Solved

PHP Read CSV File AND Allow For Line Either Mac or Windows Line Breaks

Posted on 2014-10-03
23
1,787 Views
Last Modified: 2014-10-04
Using the code from PHP.NET to read a csv file, I can make this work when using excel for Mac and Saving as Windows Comma CSV.  When just selecting CSV, the line breaks are not detected correctly.

 http://php.net/manual/en/function.fgetcsv.php
<?php
$row = 1;
if (($handle = fopen("test.csv", "r")) !== FALSE) {
    while (($data = fgetcsv($handle, 1000, ",")) !== FALSE) {
        $num = count($data);
        echo "<p> $num fields in line $row: <br /></p>\n";
        $row++;
        for ($c=0; $c < $num; $c++) {
            echo $data[$c] . "<br />\n";
        }
    }
    fclose($handle);
}
?>

Open in new window


In the fopen manual page http://php.net/manual/en/function.fopen.php it talks about using the b or t flags, but I don't see anything on that page about what these are.  Is this a hidden thing for PHP or am I looking in the wrong place.

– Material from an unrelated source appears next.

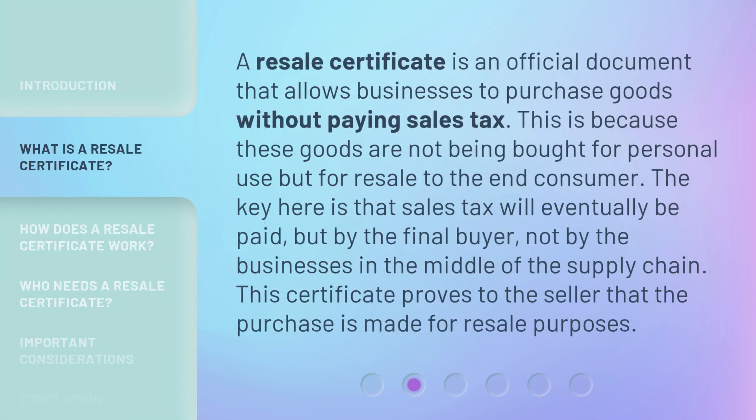A resale certificate is an official document that allows businesses to purchase goods without paying sales tax. This is because these goods are not being bought for personal use but for resale to the end consumer. The key here is that sales tax will eventually be paid, but by the final buyer, not by the businesses in the middle of the supply chain. This certificate proves to the seller that the purchase is made for resale purposes.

My goal is to be able to allow somebody to just upload a csv file (to my windows server) and not make the user try and figure out if they are saving as mac csv or windows csv.  Is there some way I can detect this or will the b or t flags just make this work for any file?
0
Comment
Question by:Scott Fell,  EE MVE
  • 7
  • 6
  • 5
  • +1
23 Comments
 
LVL 109

Expert Comment

by:Ray Paseur
ID: 40360435
It's there, just further down the page in the descriptions.  You want the \b flag in almost all cases.  Basically this is the situation.  There are three kinds of line endings.  Quoth the man page:

"Different operating system families have different line-ending conventions. When you write a text file and want to insert a line break, you need to use the correct line-ending character(s) for your operating system. Unix based systems use \n as the line ending character, Windows based systems use \r\n as the line ending characters and Macintosh based systems use \r as the line ending character."

The \t flag tells PHP to translate \n to \r\n but this carries the (small) risk that your data will be munged.  It seems to me that you could use PHP str_replace() like this.

$str = str_replace("\r", "\r\n", $str);
$str = str_replace("\r\n\n", PHP_EOL, $str);

My thinking is that if you get Mac with \r the first str_replace() will give you \r\n.  And if you get PC with \r\n, the first str_replace() will give you \r\n\n and the second will give you the standard PHP end-of-line character.  You might also try to read the file once line-by-line with fgets() and use rtrim() to remove the end-of--line characters, then write each line back into the server file system.
0
 
LVL 54

Expert Comment

by:Julian Hansen
ID: 40360505
Given PHP is C based the b and t I would imagine are borrowed from the C language. They are flags to indicate whether the file should be opened as a binary file (no translation) or a text file (translate as discussed above)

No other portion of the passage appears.